Activity:
A faithful transcription of all the entries below is needed, without the pictures.

[[ Exercise material, beginning ]]

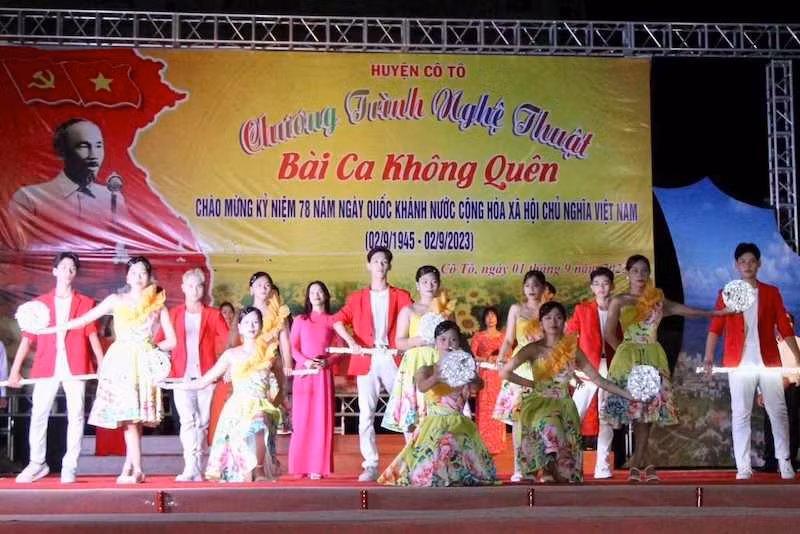 Chương trình nghệ thuật đặc sắc chào mừng 78 năm Ngày Quốc khánh 2/9 tại huyện đảo Cô Tô.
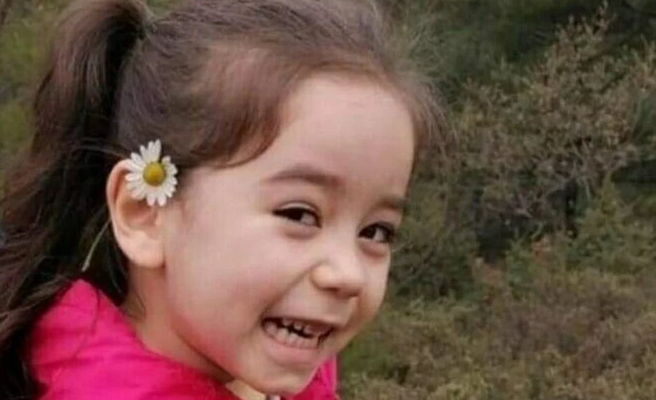Babasının balkondan attığı çekyat başına düşen 4 yaşındaki çocuk hayatını kaybetti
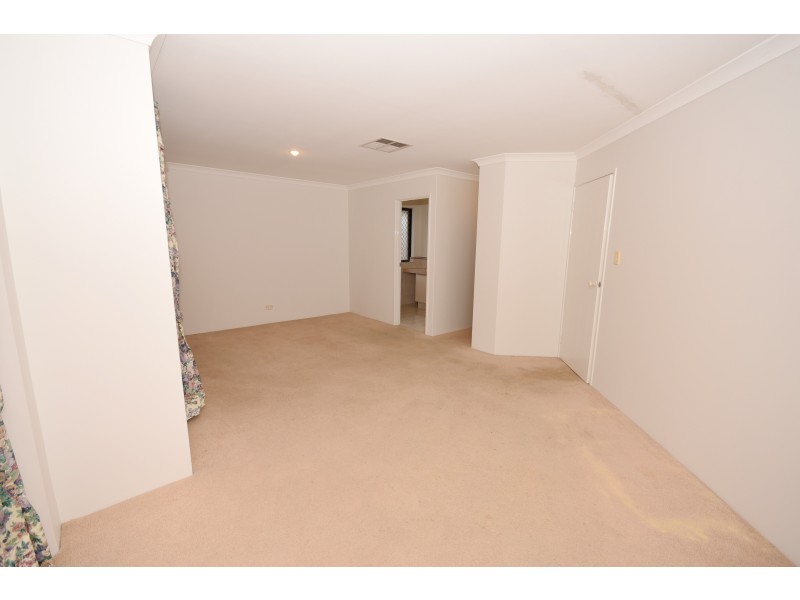 67 Southacre Drive, Canning Vale WA 6155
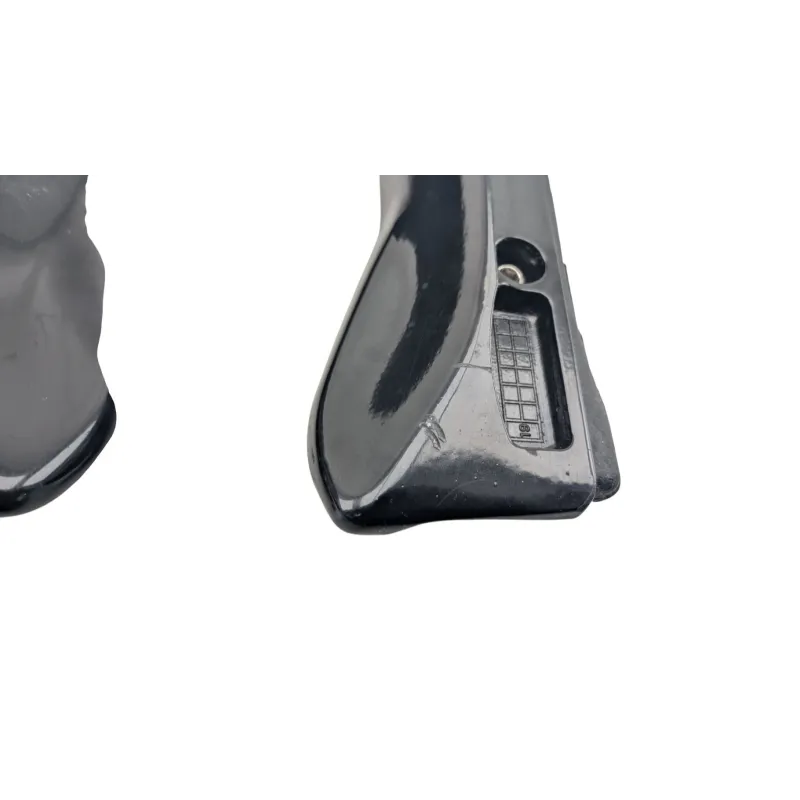 Repose pieds arriere droit PIAGGIO MP3 530 HPE EXCLUSIVE ABS 2022 - 2026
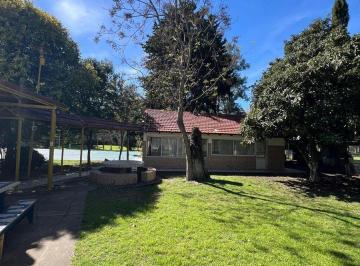 Quinta vacacional · 596m² · 5 Dormitorios · 2 Cocheras · Quinta Habilitada Para Eventos Excelente Ubicacion
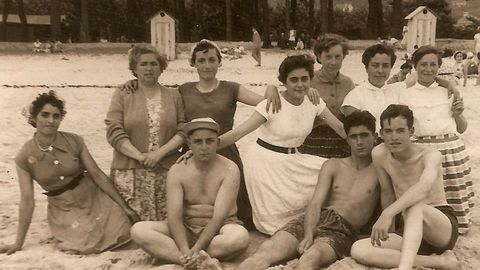 Pandilla de Xuvia y A Mourela en la playa de Cabanas.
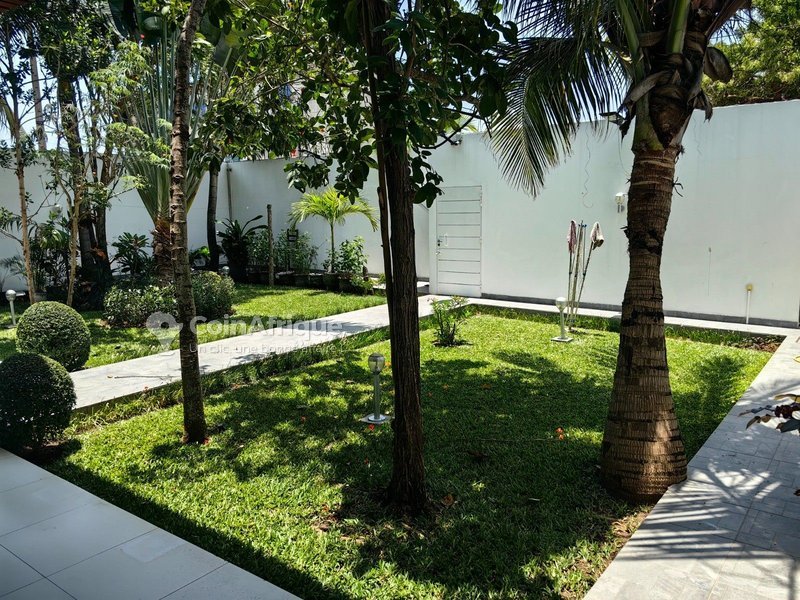 Villa duplex moderne de 4 chambres avec jardin aménagé et titre foncier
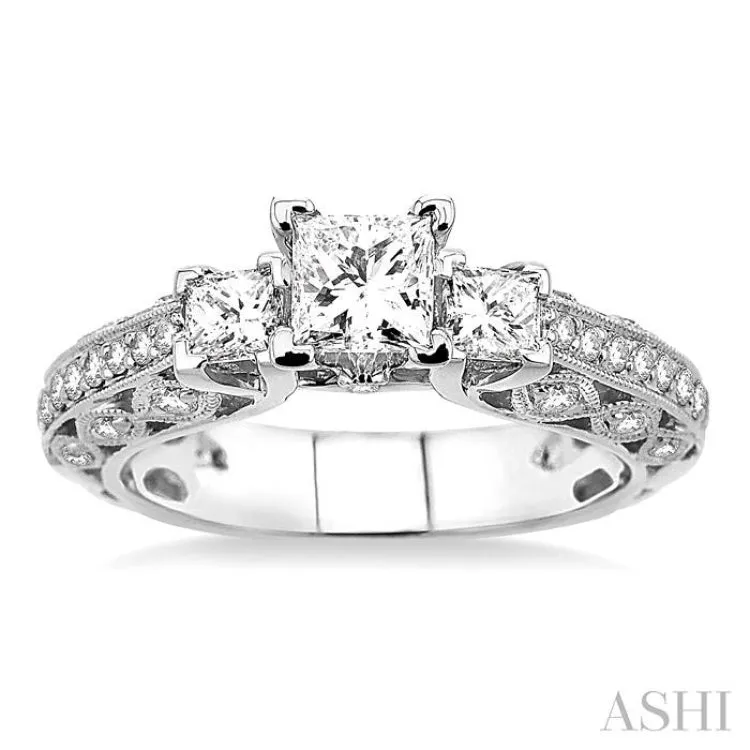 1 1/4 Ctw Diamond Engagement Ring with 1/2 Ct Princess Cut Center Stone in 14K White Gold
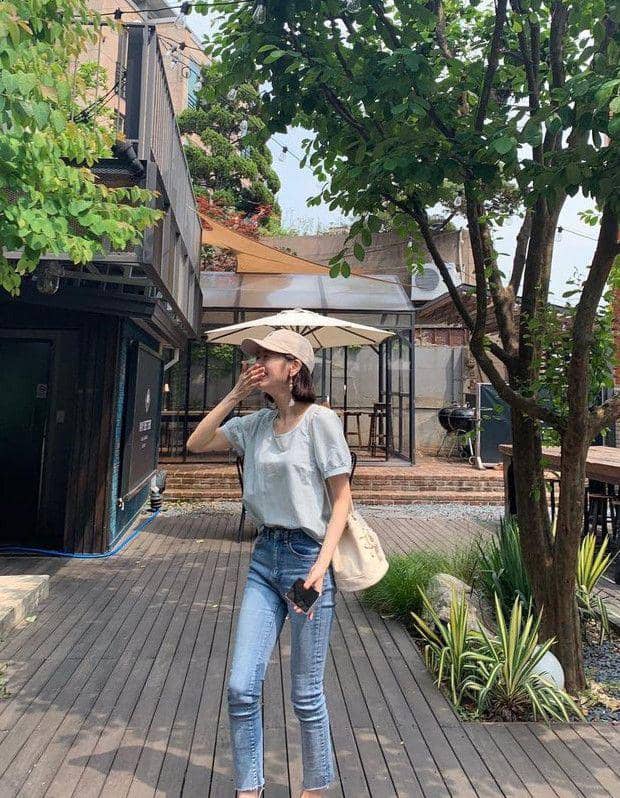 OOTD dengan celana jeans ala Jung So Min (instagram.com/somin_jj)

[[ Exercise material, end ]]

Reply:
 Chương trình nghệ thuật đặc sắc chào mừng 78 năm Ngày Quốc khánh 2/9 tại huyện đảo Cô Tô.
Babasının balkondan attığı çekyat başına düşen 4 yaşındaki çocuk hayatını kaybetti
 67 Southacre Drive, Canning Vale WA 6155
 Repose pieds arriere droit PIAGGIO MP3 530 HPE EXCLUSIVE ABS 2022 - 2026
 Quinta vacacional · 596m² · 5 Dormitorios · 2 Cocheras · Quinta Habilitada Para Eventos Excelente Ubicacion
 Pandilla de Xuvia y A Mourela en la playa de Cabanas.
 Villa duplex moderne de 4 chambres avec jardin aménagé et titre foncier
 1 1/4 Ctw Diamond Engagement Ring with 1/2 Ct Princess Cut Center Stone in 14K White Gold
 OOTD dengan celana jeans ala Jung So Min (instagram.com/somin_jj)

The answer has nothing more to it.